Though the Michelin guide is not applicable to India, top chefs seriously doubt if any restaurant in the country would come anywhere near a Michelin star. “There aren’t too many people who can express themselves on a plate,” says Ranveer Brar, executive chef, The Claridges, New Delhi. “Legendary chefs are those who put a stamp on the food; it’s their individuality. Unfortunately, India still has a long way to go on that.”

Prashant Gupta, assistant food and beverage manager at The Imperial, which brought Michel Husser, insists that the Indian clientele is changing. But, as a diner there points out, most of the guests were visiting Europeans.

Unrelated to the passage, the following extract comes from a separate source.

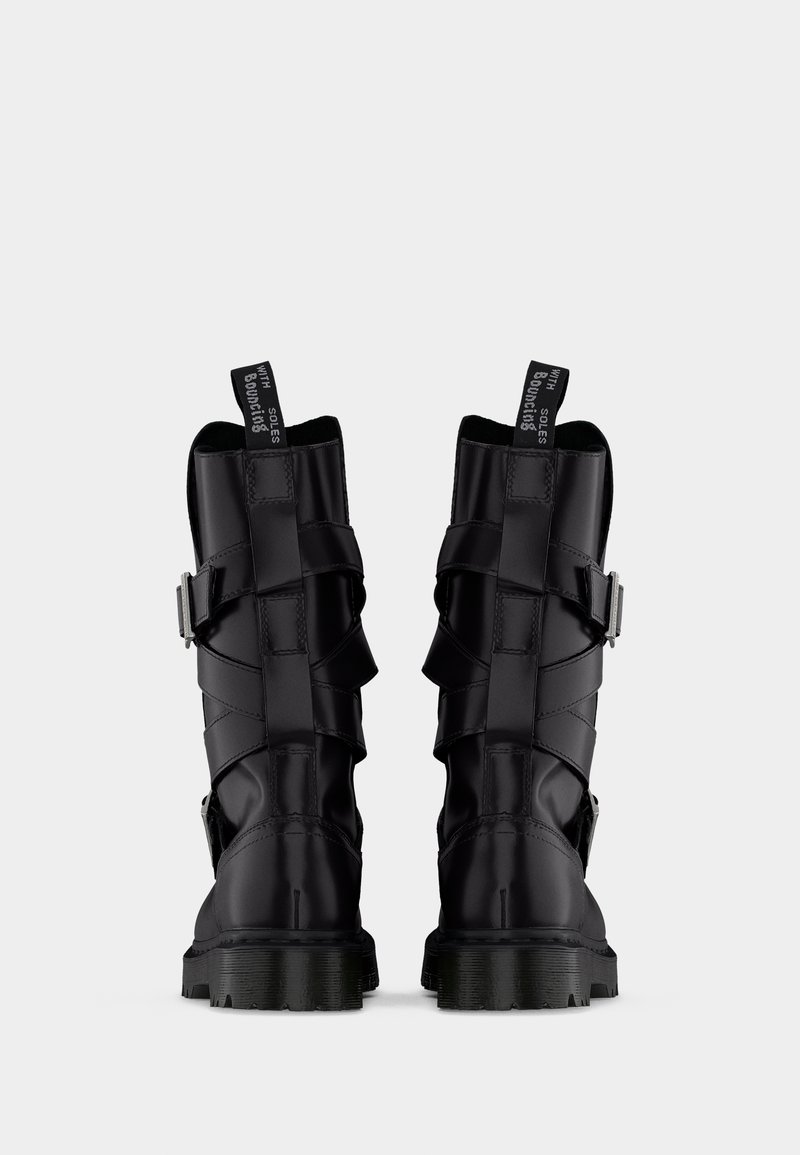 Coppia di stivali da combattimento in pelle nera fino a metà polpaccio con cinturini con fibbia e linguette per tirare con la scritta "WITH SOLES Bouncing" su uno sfondo neutro.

Clearly, Indians — and restaurants — are still to take to haute cuisine. For one, quality food demands low occupancy. “Internationally, a top-of-the-line restaurant does not sell one table more than once a night. If the restaurant occupancy is 200, food will be cooked just for 200 people,” says a gourmet.

Reputed and niche restaurants across Europe and US are free standing restaurants, unlike the fine dining notion here, which till recently had been limited to five-star restaurants. But the high capital costs of setting up a top quality joint are daunting, particularly for an entrepreneur who is focused on fine dining. “Fine dining is not a bourgeois pursuit anywhere in the world,” holds Menon.

There have been changes in recent years. Purchasing power is on the rise, as is travel. “People don’t feel guilty about spending on dining any more,” points out restaurateur A.D. Singh, best known for his Olive Bar and Kitchen restaurants. And Brar holds that with the boom in restaurants, big capital is more readily available now for finer restaurants. Bill Marchetti, the Australian chef who was earlier at ITC, stresses that Indians do enjoy good food.

Ritu Dalmia, who now runs one of Delhi’s most popular Italian restaurants, Diva in Greater Kailash, burnt her fingers in her earlier experiment. Dalmia flagged off her first Italian venture, Mezzaluna, in 1993 but it had to close by 1995. But now, Diva, a similar concept, is doing roaring business.

Yet fine dining in India is still at a nascent stage. Sure, the market for high-end imported food products is surging, with that for imported food products and fruit currently standing at US $1.1 billion per annum. “Farms in Pune and Ooty are now producing excellent lettuce, celery and other English vegetables. Cheese or meat — many such foods are available here,” says Marchetti. But, as Brar points out, “The finest food is about the best and the freshest ingredients,” says Brar. “Though some are available in India now, we still have to source a lot from overseas. So even at the quickest, we get them when they are a week old. I can serve Blue Point oysters but they would be at least three days old when they arrive.”

So India is still a long away from international food standards, though the initiation is through.